After writing about how to handle time in various databases, I got to thinking more about my recommendation to use TIMESTAMP WITH TIME ZONE
over DATE
in Postgres. TIMESTAMP
is stored in 8 bytes, while DATE
takes only 4. Perhaps in large datasets the smaller disk usage of DATE
could give it a significant performance advantage? This is my 100% non-scientific attempt to get a feeling for whether or not that advantage exists.
Generate some dates
Let’s make a million timestamps and a million dates along with some fake data:
CREATE TABLE timestamps AS
SELECT to_timestamp(floor(1420099200 + random() * 86400 * 365)) AS timestamp, floor(random() * 10000) AS value
FROM generate_series(1,1000000);
CREATE TABLE dates AS
SELECT to_timestamp(floor(1420099200 + random() * 86400 * 365))::date AS date, floor(random() * 10000) AS value
FROM generate_series(1,1000000);
The dates will be spread throughout 2015, and the values will be between 0 and 10,000.
Clock the queries
Let’s get the unique months in each set:
SELECT DISTINCT extract(month from timestamp)
FROM timestamps;
-- Time: 369.861 ms
SELECT DISTINCT extract(month from date)
FROM dates;
-- Time: 343.743 ms
Sum the values in the first six months:
SELECT SUM(value)
FROM timestamps
WHERE timestamp BETWEEN '2015-01-01' AND '2015-06-30';
-- Time: 178.716 ms
SELECT SUM(value)
FROM dates
WHERE date BETWEEN '2015-01-01' AND '2015-06-30';
-- Time: 171.187 ms
Sum all values grouped by month:
SELECT extract(month from timestamp) AS month, SUM(value)
FROM timestamps
GROUP BY month;
-- Time: 1708.357 ms
SELECT extract(month from date) AS month, SUM(value)
FROM dates
GROUP BY month;
-- Time: 465.671 ms
Whoa, did I read that last one right? Yes, those are the numbers I’m getting pretty consistently on my local (virtual) box.
Mostly it’s a close call, but that huge difference in the last test seems odd to me.
Is it the storage, or the timezone?
Maybe there’s some extra processing in addition to the extra size of timestamps. Let’s remove timezones from the equation while keeping the timestamps by creating and querying another table:
CREATE TABLE timestamps_2 AS
SELECT to_timestamp(floor(1420099200 + random() * 86400 * 365))::timestamp AS timestamp, floor(random() * 10000) AS value
FROM generate_series(1,1000000);
SELECT extract(month from timestamp) AS month, SUM(value)
FROM timestamps_2
GROUP BY month;
-- Time: 1593.808 ms
Ok, so timezones do slow things down a little bit, but the bulk of DATE
’s advantage is something else, presumably its smaller size.

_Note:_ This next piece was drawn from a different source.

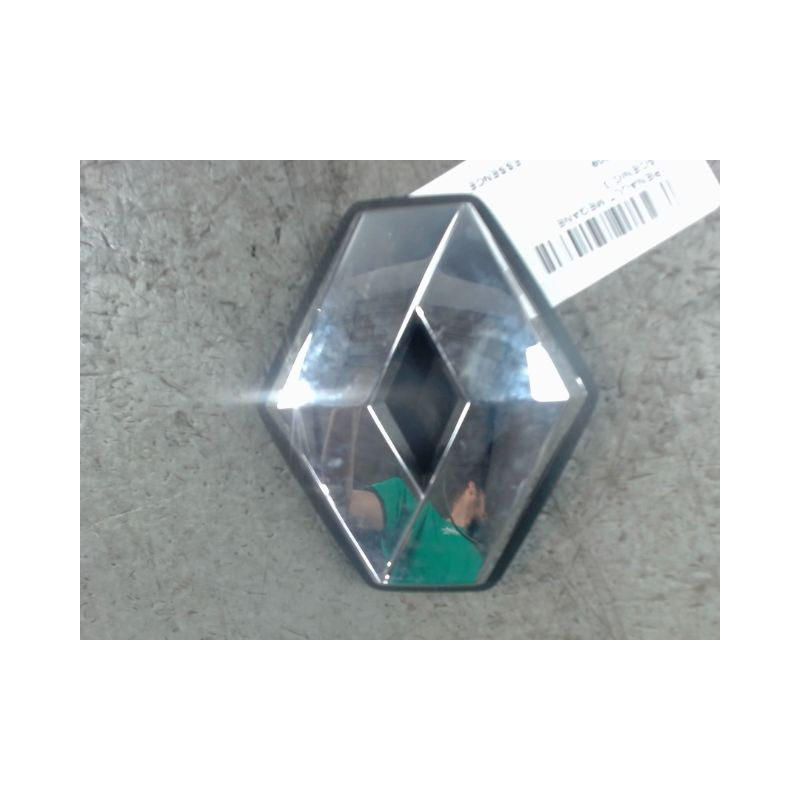 SIGLE CALANDRE RENAULT SCENIC III 2009-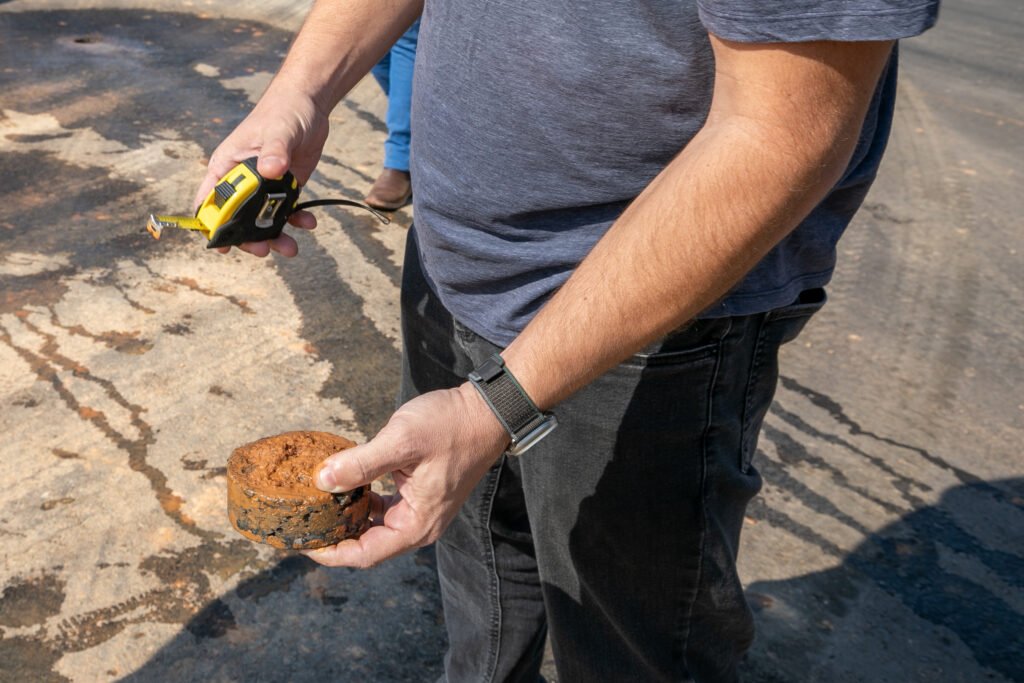 2025-09-06-16-52-0h4a3274-68bc9efccdc32-1024x683 Prefeito fiscaliza pavimentação na Contorno Leste e ouve moradores sobre demandas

Again, though I’m not doing lots of samples and rounding, the run times I’m seeing are very consistent.
So should I use DATE
?
As they say, YMMV, but perhaps in larger datasets where you really don’t need the time component, converting to UTC and storing as DATE
may be the best approach. Just be sure to also convert any timestamps when comparing against those dates, or you’ll run into ambiguity. And unless you know TIMESTAMP
is going to be a bottleneck, just keep using it. As always, benchmark first.